INSTRUCTIONS FOR THE TASK
What is needed is every line from the one holding "Hooded crow on the grass among the pigeons" to the last line of the data below, printed exactly and without pictures.

Short web captions
Content starts

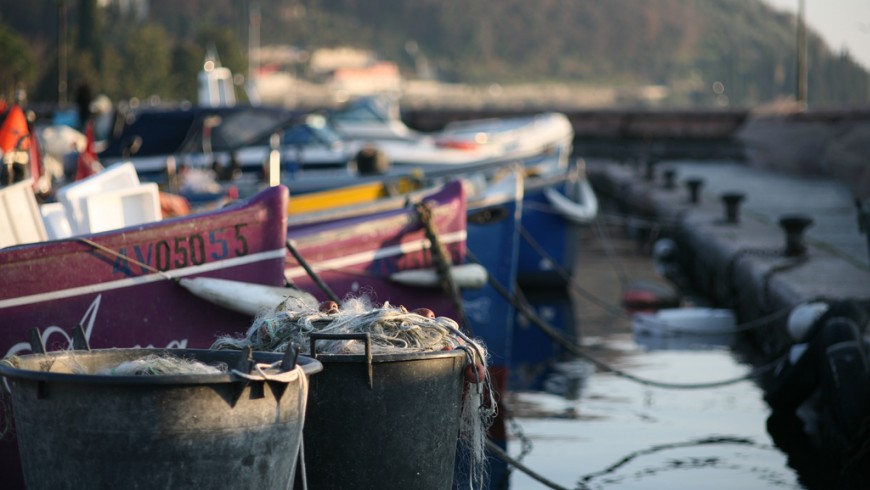 Boats for fishing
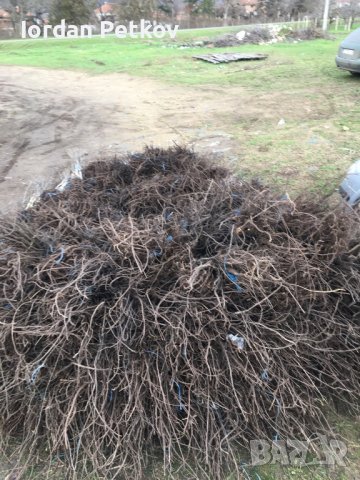 Орехови фиданки, снимка 12 - Разсади - 31385115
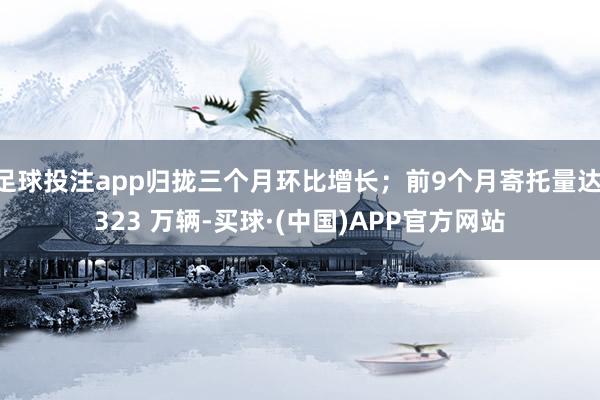 足球投注app归拢三个月环比增长；前9个月寄托量达 323 万辆-买球·(中国)APP官方网站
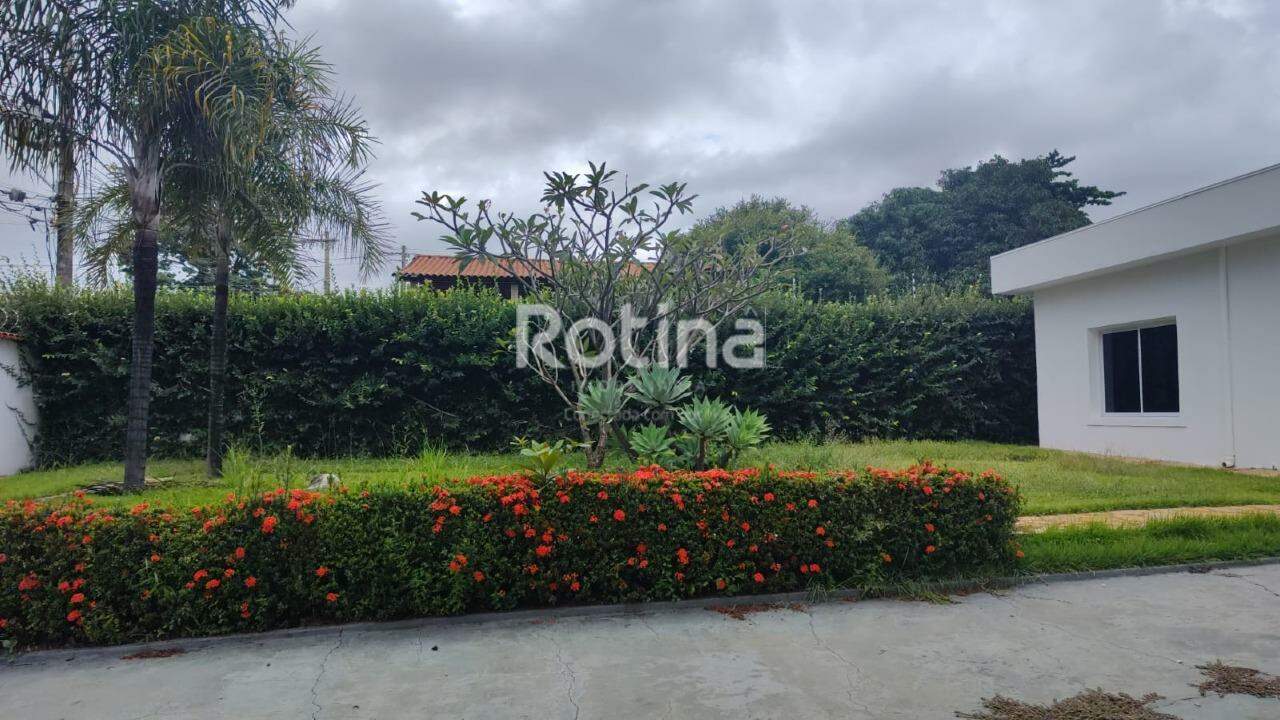 Casa Comercial para alugar, em Uberlândia no bairro Saraiva no valor de R$ 7.000,00 - Rotina Imobiliária: 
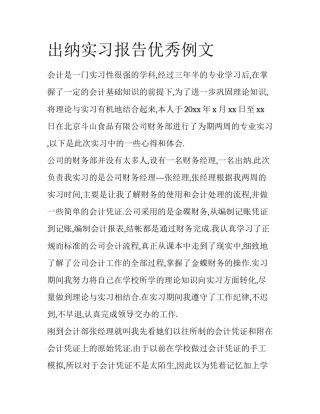 出纳实习报告优秀例文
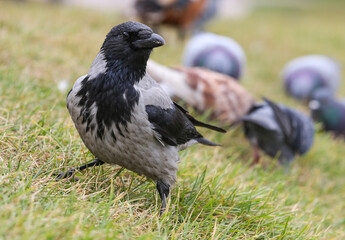 Hooded crow on the grass among the pigeons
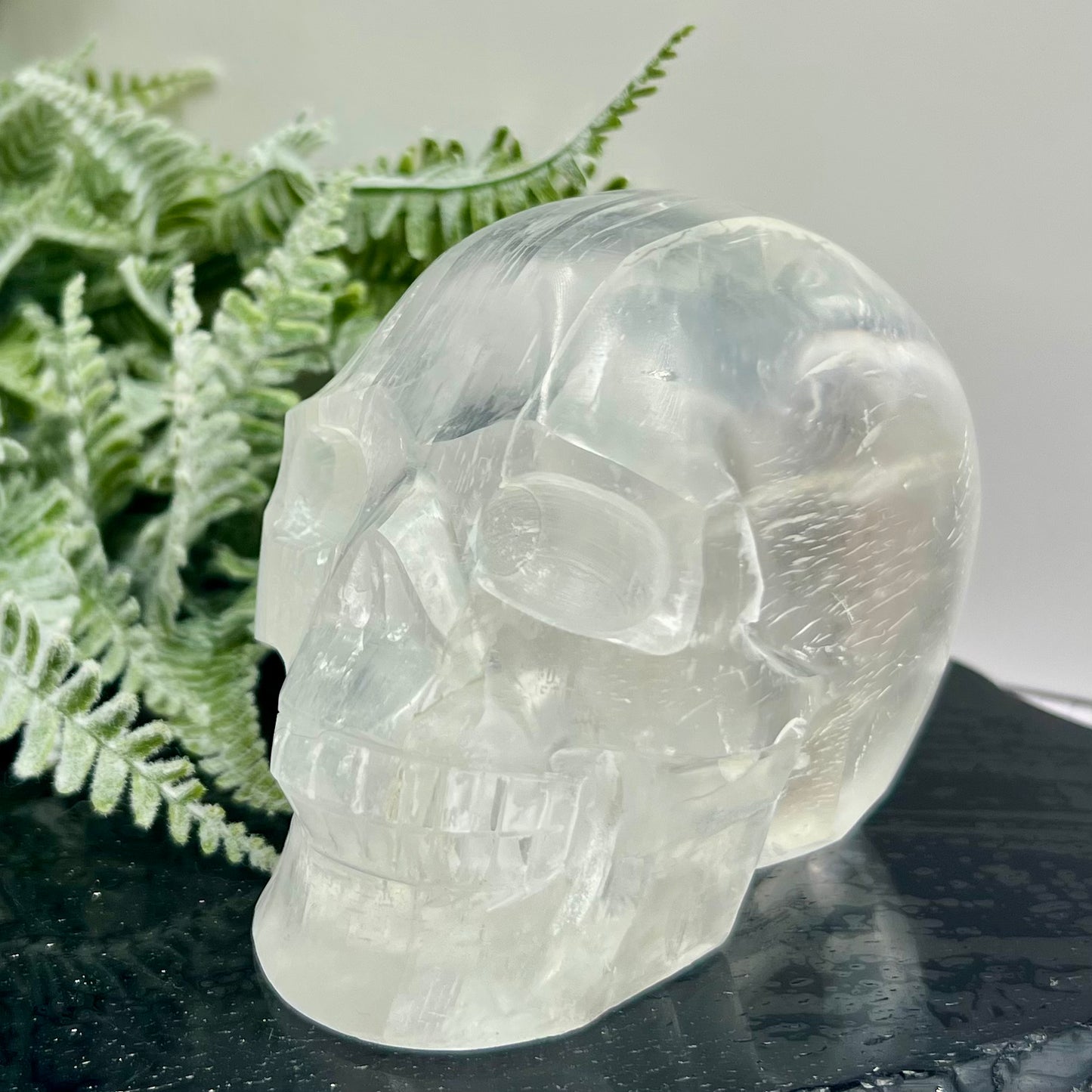 Satin Spar Selenite Skull Top Quality Translucent Crystal Carving Morocco 744g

Content ends

SOLUTION TO THE EXERCISE
 Hooded crow on the grass among the pigeons
 Satin Spar Selenite Skull Top Quality Translucent Crystal Carving Morocco 744g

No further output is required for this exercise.